RECORD EXTRACTS:
========================================================================

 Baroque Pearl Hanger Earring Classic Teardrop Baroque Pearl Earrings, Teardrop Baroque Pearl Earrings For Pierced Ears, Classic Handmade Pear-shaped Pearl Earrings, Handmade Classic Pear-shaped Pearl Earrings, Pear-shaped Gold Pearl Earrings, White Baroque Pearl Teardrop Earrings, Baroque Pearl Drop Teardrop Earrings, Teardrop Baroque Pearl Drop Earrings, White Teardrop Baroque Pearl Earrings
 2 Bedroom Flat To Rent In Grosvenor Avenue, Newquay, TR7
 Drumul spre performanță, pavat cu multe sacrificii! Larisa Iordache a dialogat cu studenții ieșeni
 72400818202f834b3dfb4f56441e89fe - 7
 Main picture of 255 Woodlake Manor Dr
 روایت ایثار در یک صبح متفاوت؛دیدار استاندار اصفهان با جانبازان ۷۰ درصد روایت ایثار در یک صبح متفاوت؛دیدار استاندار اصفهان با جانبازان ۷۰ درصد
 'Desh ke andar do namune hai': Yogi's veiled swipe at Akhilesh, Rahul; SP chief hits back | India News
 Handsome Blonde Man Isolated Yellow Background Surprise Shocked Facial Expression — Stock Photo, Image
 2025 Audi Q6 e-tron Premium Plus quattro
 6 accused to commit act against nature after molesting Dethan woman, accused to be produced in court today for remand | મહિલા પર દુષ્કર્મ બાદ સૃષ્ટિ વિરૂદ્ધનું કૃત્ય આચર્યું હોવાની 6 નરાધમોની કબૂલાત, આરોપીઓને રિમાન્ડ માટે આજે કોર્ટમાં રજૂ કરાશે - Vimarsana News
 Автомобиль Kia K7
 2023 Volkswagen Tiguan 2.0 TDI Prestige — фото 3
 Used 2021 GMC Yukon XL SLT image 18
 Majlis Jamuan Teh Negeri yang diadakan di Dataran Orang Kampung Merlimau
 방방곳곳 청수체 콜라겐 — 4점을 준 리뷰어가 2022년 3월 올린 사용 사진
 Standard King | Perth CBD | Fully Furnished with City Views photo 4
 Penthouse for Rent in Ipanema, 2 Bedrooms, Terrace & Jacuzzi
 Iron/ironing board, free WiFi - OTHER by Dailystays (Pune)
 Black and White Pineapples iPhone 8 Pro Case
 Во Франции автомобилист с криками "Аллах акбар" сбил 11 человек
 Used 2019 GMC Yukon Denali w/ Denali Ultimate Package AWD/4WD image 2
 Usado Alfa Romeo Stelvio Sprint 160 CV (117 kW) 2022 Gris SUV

========================================================================

YOUR TASK: Only the lines from the one holding "Iron/ironing board, free" through the end of the records should appear in the answer, each repeated exactly.

RESULT:
 Iron/ironing board, free WiFi - OTHER by Dailystays (Pune)
 Black and White Pineapples iPhone 8 Pro Case
 Во Франции автомобилист с криками "Аллах акбар" сбил 11 человек
 Used 2019 GMC Yukon Denali w/ Denali Ultimate Package AWD/4WD image 2
 Usado Alfa Romeo Stelvio Sprint 160 CV (117 kW) 2022 Gris SUV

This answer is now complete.